Hoe harder je schreeuwt, hoe minder je kind hoort van wat je zegt. Als iemand tegen je staat te schreeuwen als een bezetene, ben je waarschijnlijk vooral bang of word je zelf ook boos. Dat is geen situatie waarin iemand iets leert of beter wil luisteren.
Positief opvoeden: beginnen maar!
Je bent zo ver! Je hebt de vier stappen in handen om rustig te beginnen met positief opvoeden. Als je hebt gelezen over waarom positief opvoeden werkt en je weet waarom je het doet, is de motivatie het grootst het vol te houden.
Een aantal leuke en handige dingen om mee te beginnen leg ik uit in de volgende posts:
Zeg eens wat vaker ja! Vaker ja zeggen, zorgt voor een positieve balans in je relatie met je kind. Als je luistert naar de wensen van je kind en daarin tegemoet kan komen, is hij ook enthousiaster aan jouw verzoeken te voldoen.
Zie je kind als een kleine onderzoeker in een witte, lange jas. Veel van de ‘stoute’ of vervelende dingen die een peuter doet, komen voort uit een oneindige nieuwsgierigheid naar alles om hem heen.

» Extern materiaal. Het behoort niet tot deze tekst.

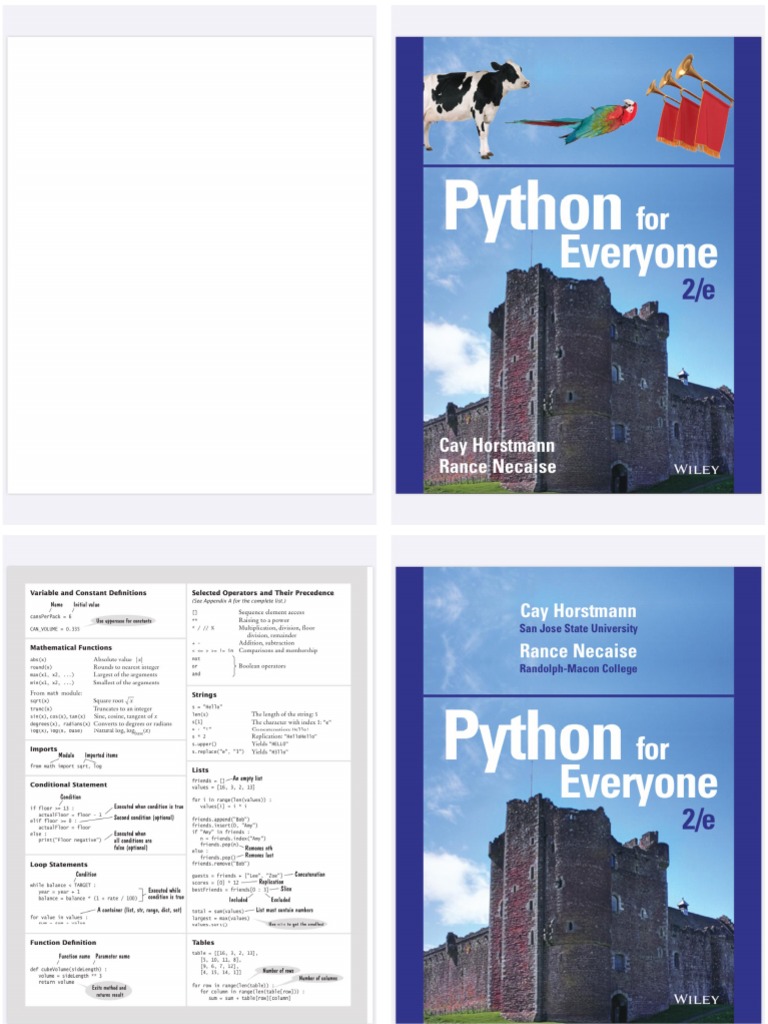 Python For Everyone 3rd Edition PDF | PDF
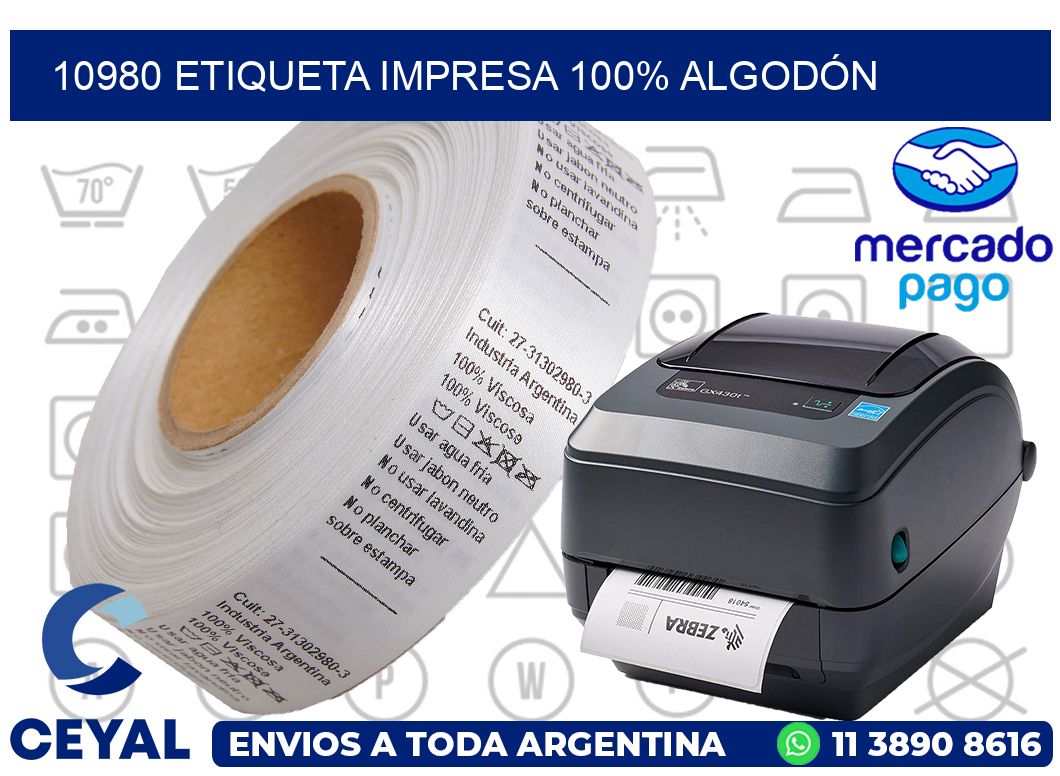 10980 ETIQUETA IMPRESA 100% ALGODÓN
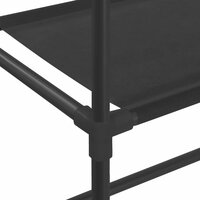 Opbergrek voor boven wasmachine 3-laags 69x28x169 cm zwart 7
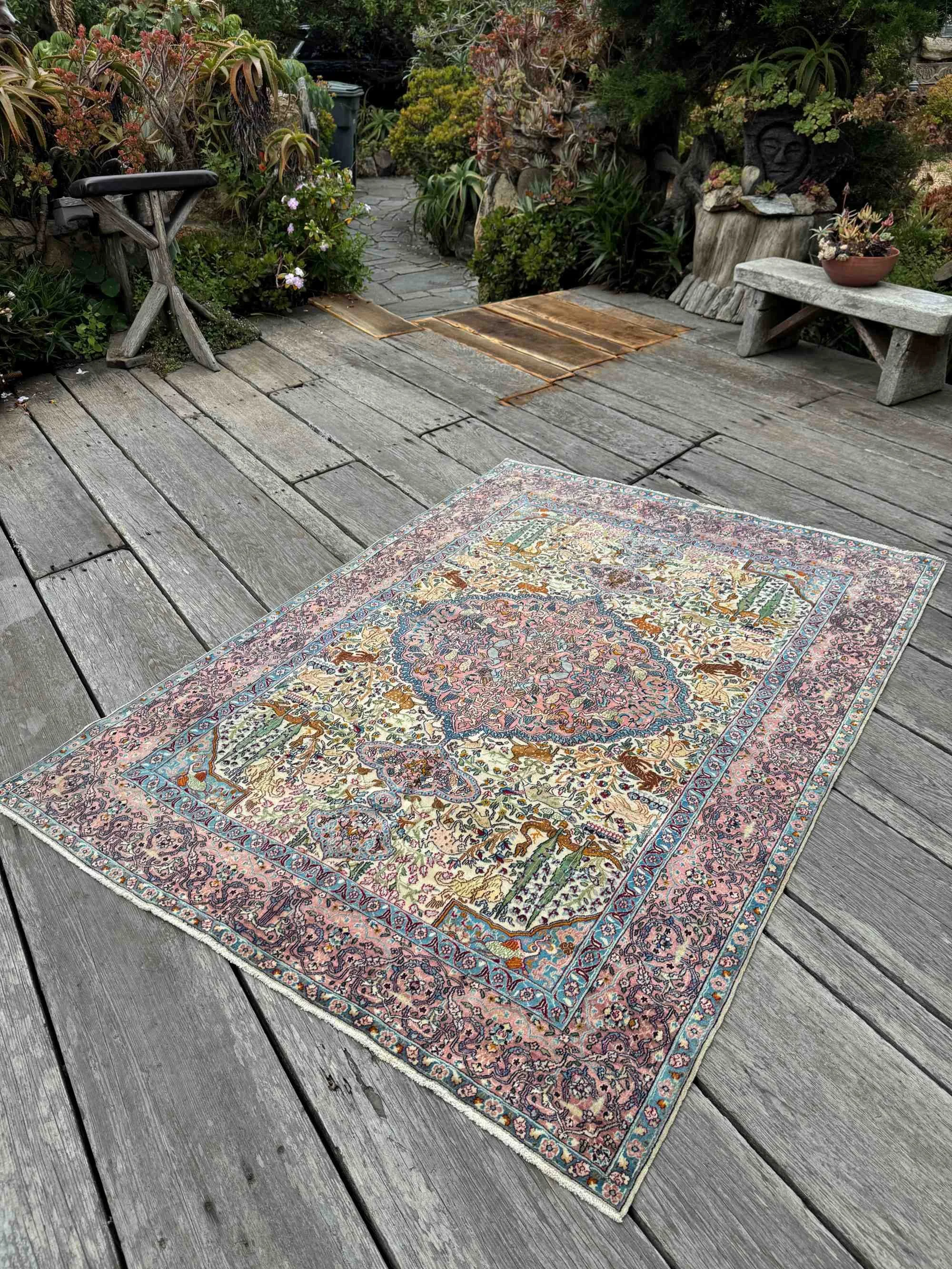 vintage pastel tone rugs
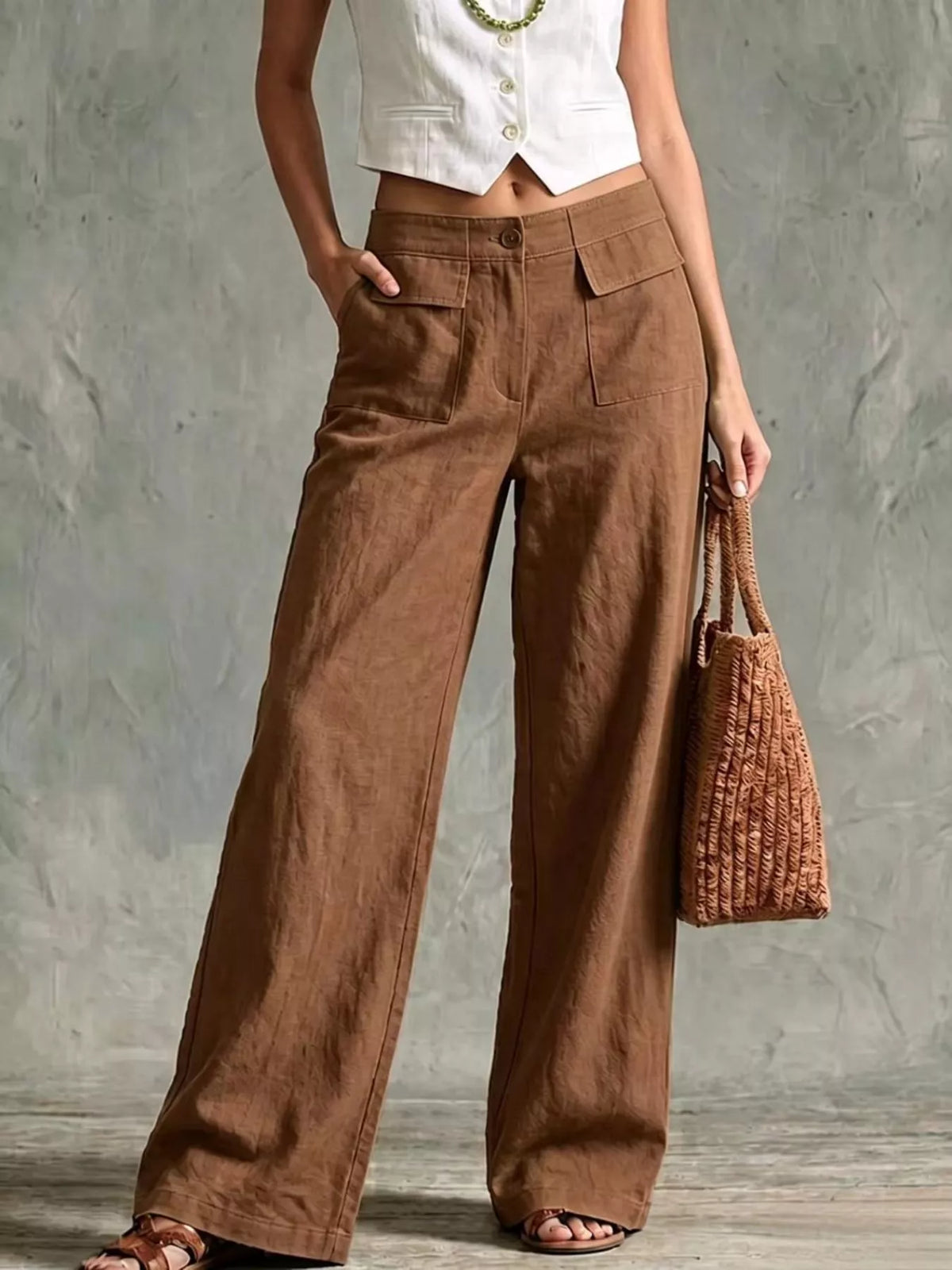 Full Size Wide Leg Pants Plus product image 15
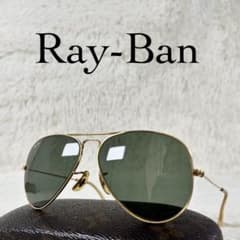 Ray-Ban　AVIATOR　サングラス　ボシュロム　砂打ち刻印あり　グリーン Ray-Ban AVIATOR サングラス ボシュロム 砂打ち刻印あり グリーン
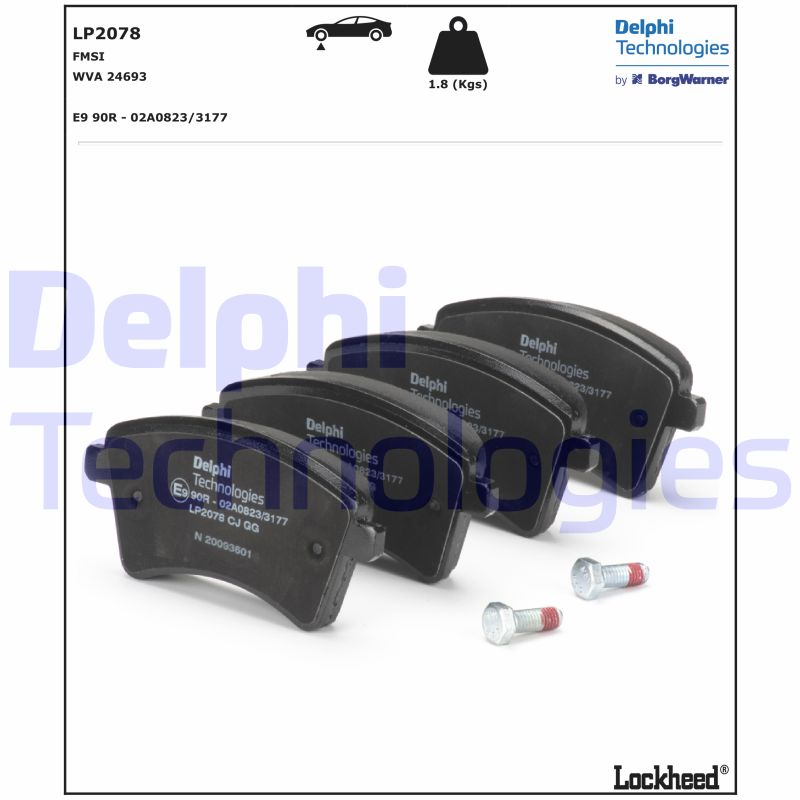 DELPHI LP2078 set placute...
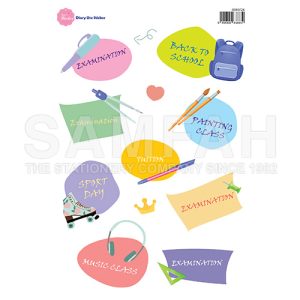 SAM’S DIARY USE STICKER (FEMALE USE)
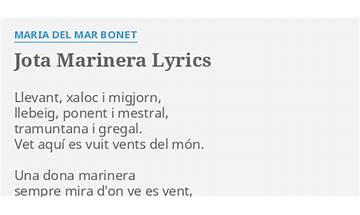 Jota Marinera ca Lyrics [Maria Del Mar Bonet]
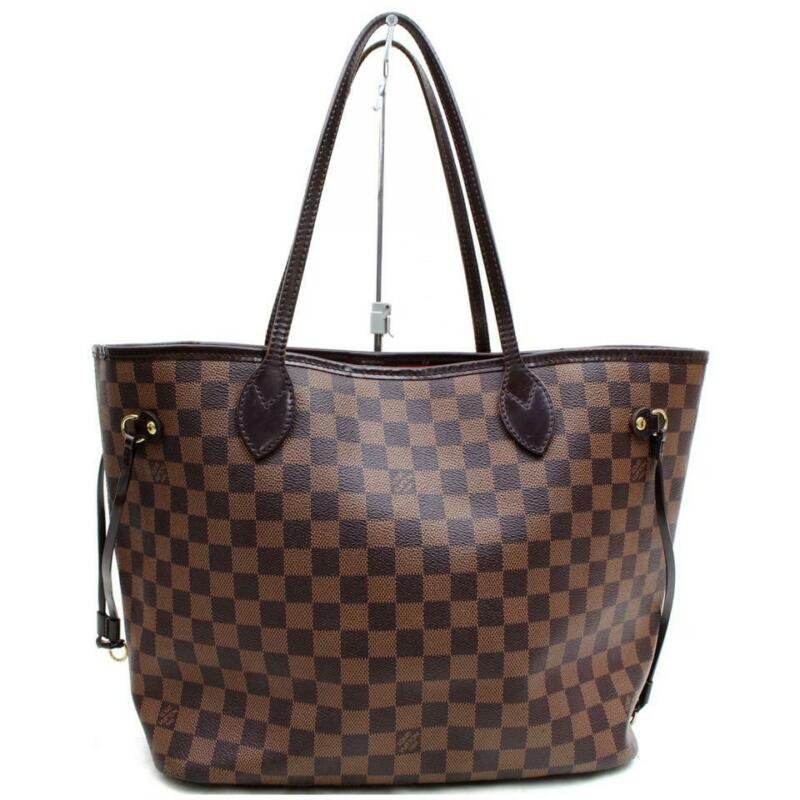 Louis Vuitton Neverfull Mm Brown Damier Ébène Canvas Tote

Redenen waarom een peuter een driftbui krijgt helpen je om je goed in te leven in de wereld van je peuter. Dat helpt om inlevend te reageren als je merkt dat je boos wordt.
Daarnaast kan je ook goed kijken naar je eigen reactie op de driftbui van je kind. Vaak is die bepalend voor het verdere verloop van de driftbui. Door goed je eigen reactie te bepalen, kan je voorkomen dat het escaleert.